Twas the night before Christmas, when all through the pasture
Not a creature was stirring, not even a horse.
The stockings were hung by the run-in shed with care,
In hopes that Stephanie soon would be there.
Oscar and Little Creek were nestled all snug in the barn,
While visions of grain danced in their heads.
And Pako in his thick fur, and I in my Muck boots,
Had just settled our bottoms for a bit of some food.
When out in the far pasture there arose such a clatter,
I sprang from the bench to see what was the matter.
Away to the gate I flew like a flash
Stepped up on the rung and threw up the hand.
The moon on the breast of the new-fallen snow
Gave the lustre of mid-day to the Vermont hills below.
When, what to my wondering eyes should appear,
But a miniature sleigh, and eight Spanish mustangs all dressed up in gear.
With a sturdy female driver, so lively and quick,
I knew in a moment it must be Stephanie in the guise of St. Nick.
More rapid than draft horses her coursers they came,
And she whistled, and shouted, and called them by name!
“Now Destiny! now, Turtle! now, Morado and Adelentado!
On, Mas! On, Minko! on Maya and Montego!
To the top of the arena! to the top of the wall!
Now dash away! Dash away! Dash away all!”
As white snow that before the wild hurricane fly,
When they meet with an obstacle, mount to the sky.
So up to the arena roof the coursers they flew,
With the sleigh full of grain and hay, and Stephanie too.
And then, in a twinkling, I heard on the arena roof
The prancing and pawing of each little hoof.
As I drew in my head, and was turning around,
Down the side of the wall Stephanie did fall.
She was dressed all in red winter clothes, from her head to her boots,
And her clothes were all dirty with horse shit and looked kind of cute.
A bundle of tack she had flung on her back,
And she looked like a peddler, just opening her pack.
Her eyes-how they twinkled! her dimples how merry!
Her cheeks were like roses, her nose like a cherry!
Her droll little mouth was drawn up like a bow,
And the look on her face was as pretty as snow.
The stump of a piece of straw she held tight in her teeth,
And the smell of fresh hay it floated around her like a wreath.
She had a broad face and a lean little belly,
That was tight when she laughed, like a hock of ham at the deli!
She was fit and full of life, a right jolly old elf,
And I laughed when I saw her, in spite of myself!

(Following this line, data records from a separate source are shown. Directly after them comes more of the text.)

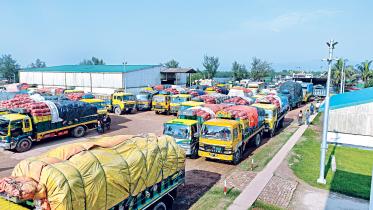 Trade with Myanmar thru Teknaf comes to a halt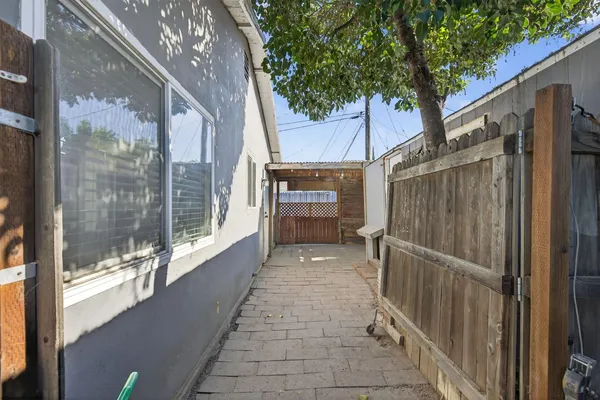 $350,000 | 4465 Hardwick Way, North Highlands, CA 95660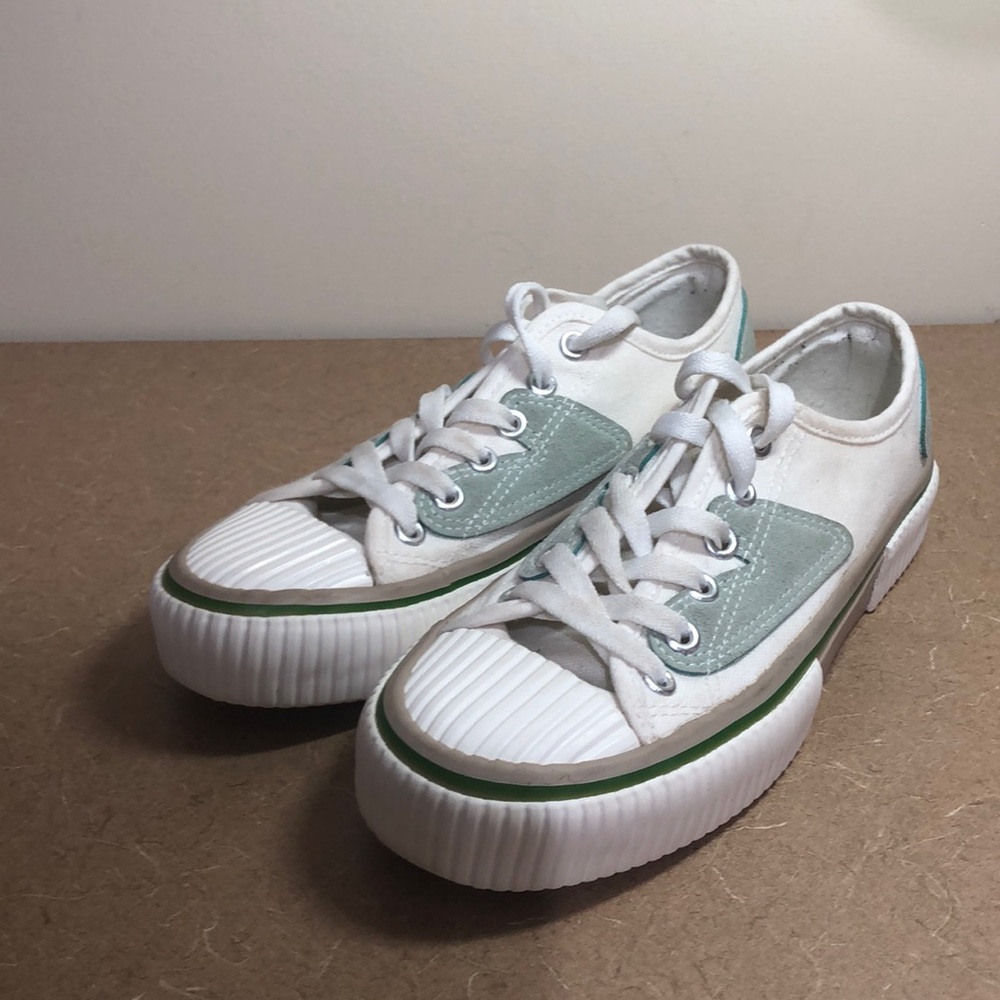Size 9 green canvas shoes womens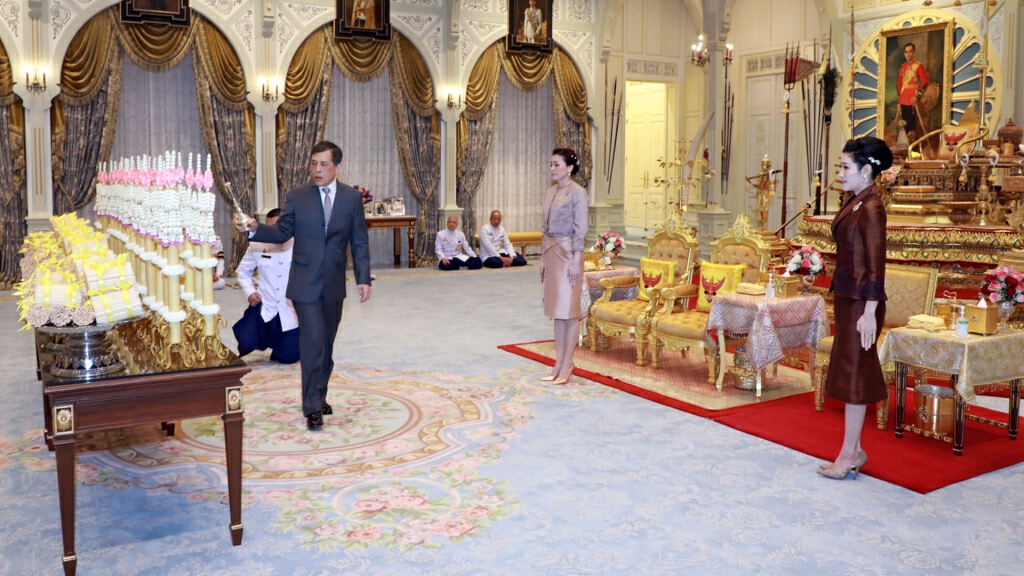 'ในหลวง' ทรงเจิมเทียนรุ่ง ในการพระราชพิธีวิสาขบูชา 2564 'ในหลวง' ทรงเจิมเทียนรุ่ง ในการพระราชพิธีวิสาขบูชา 2564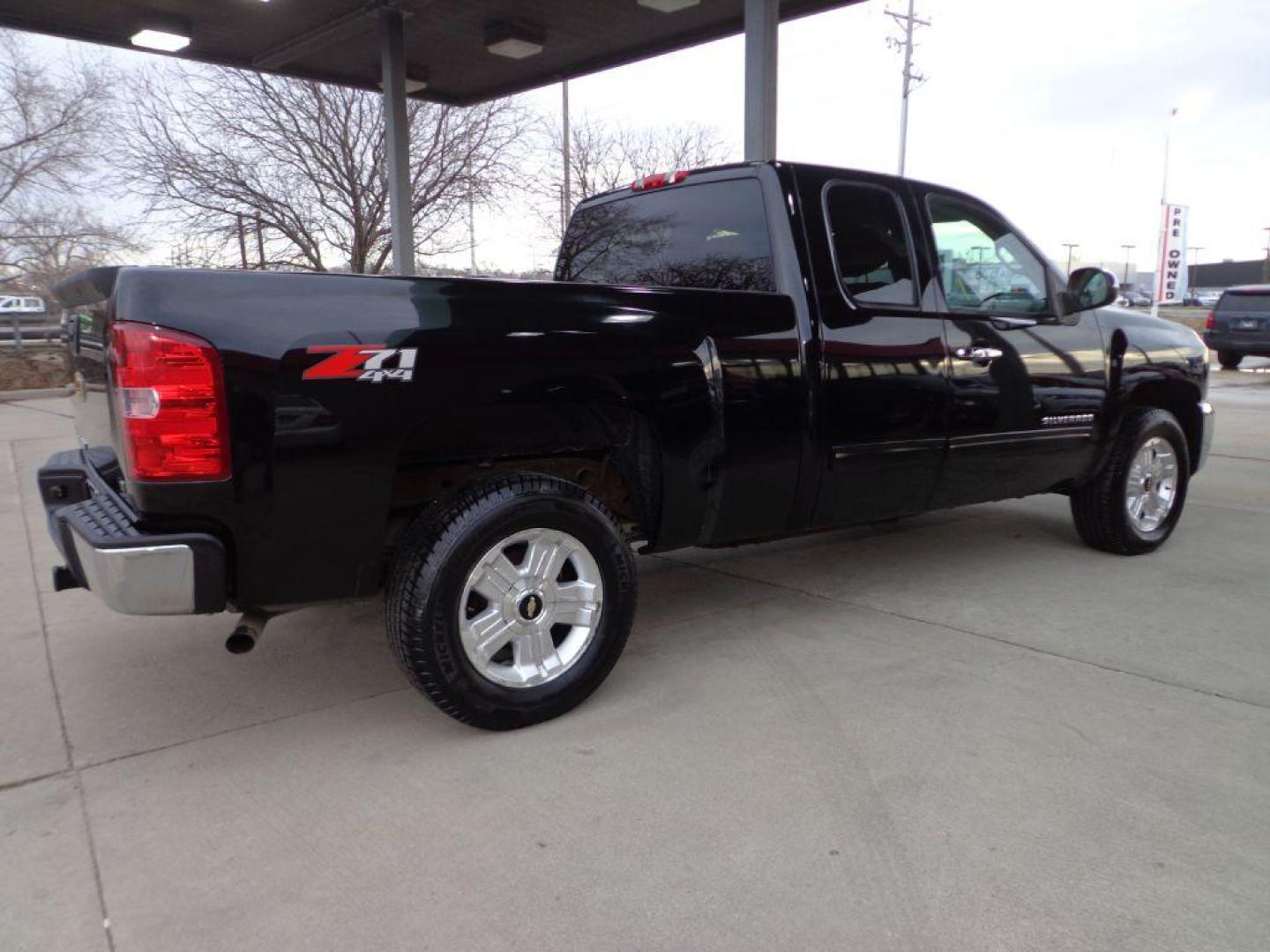 2013 BLACK CHEVROLET SILVERADO 1500 LT (1GCRKSE75DZ) with an 5.3L engine, Automatic transmission, located at 6610 L St., Omaha, NE, 68117, (402) 731-7800, 41.212872, -96.014702 - THIS VEHICLE HAS A CLEAN TITLE WITH A FREE CARFAX PROVIDED! 1-OWNER, CLEAN CARFAX, LOW MILEAGE WITH NEWER TIRES! *****We have found that most customers do the majority of their shopping online before visiting a dealership. For this reason we feel it necessary to have a competitive price on our u - Photo#3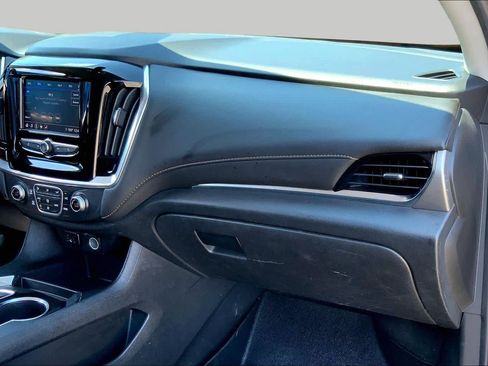 Used 2020 Chevrolet Traverse LS FWD image 19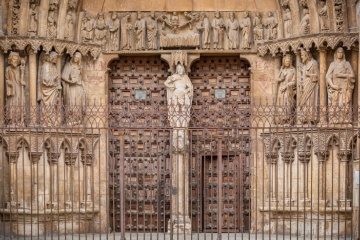 Detalhe da catedral de El Burgo de Osma (Sória, Castilla y León)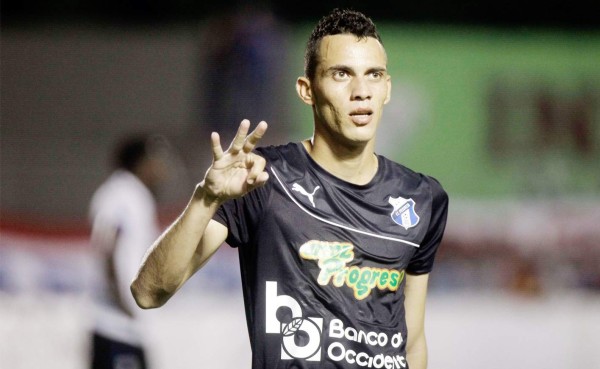 Ángel Tejeda: 'Estoy contento porque es mi primer hat-trick'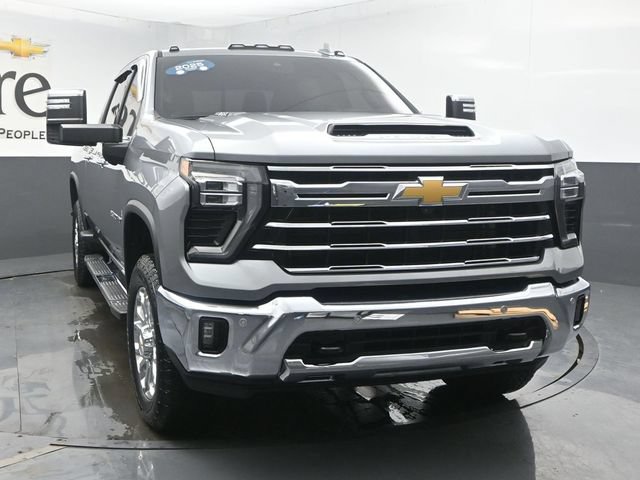 Certified 2025 Chevrolet Silverado 2500 LTZ w/ LTZ Convenience Package AWD/4WD image 51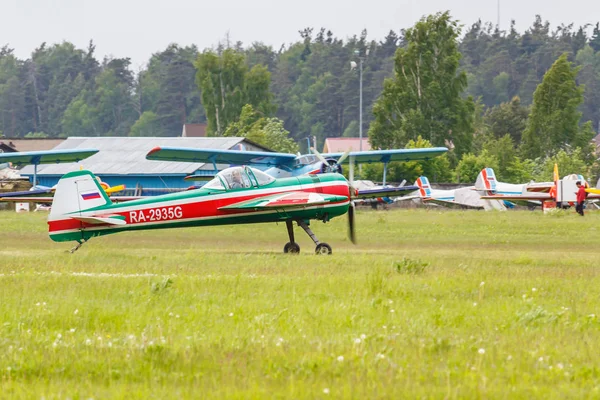 Balashikha, Moscow region, Russia - May 25, 2019: Russian aerobatic aircraft Yakovlev YAK-55M RA-2935G preparing for takeoff on Chyornoe airfield at Aviation festival Sky Theory and Practice 2019 — Stock Photo, Image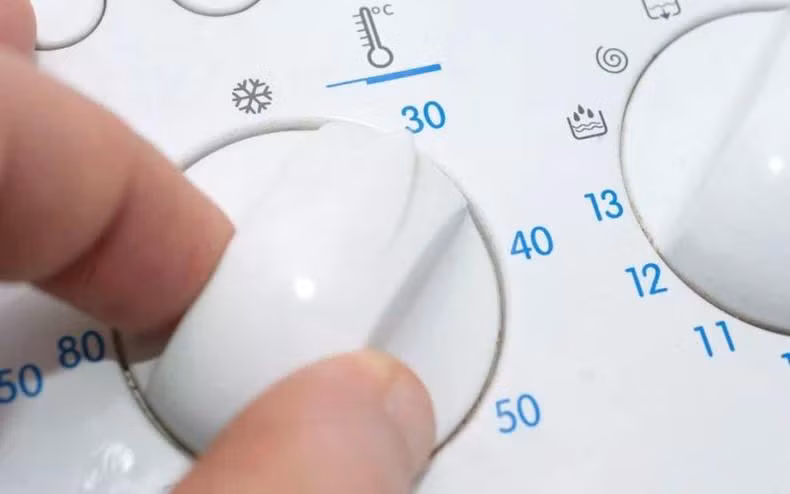 Chế độ giặt với nước mát cũng được khuyến khích nhằm giảm bớt tình trạng vi sợi bị bào mòn khỏi quần áo. (Ảnh: Le Parisien)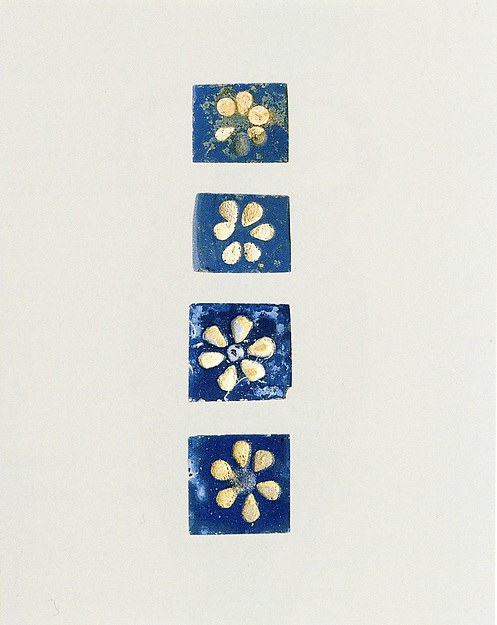 <bdi class="metadata-value">Inlays: white rosettes on blue backgrounds 0.67 x 0.67 in. (1.7 x 1.7 cm)</bdi>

A wink of her eye and a twist of her head,
Soon gave me to know I had nothing to dread.
She spoke not a word, but went straight to her work,
And filled all the stockings, then turned with a jerk.
And laying her finger aside of her nose,
And giving a nod, out the arena she goes!
She sprang to her sleigh, to her team gave a whistle,
And away they all flew like the down of a thistle.
But I heard her exclaim, ‘ere she drove out of sight,
“Happy Christmas to all, and to all a good-night!”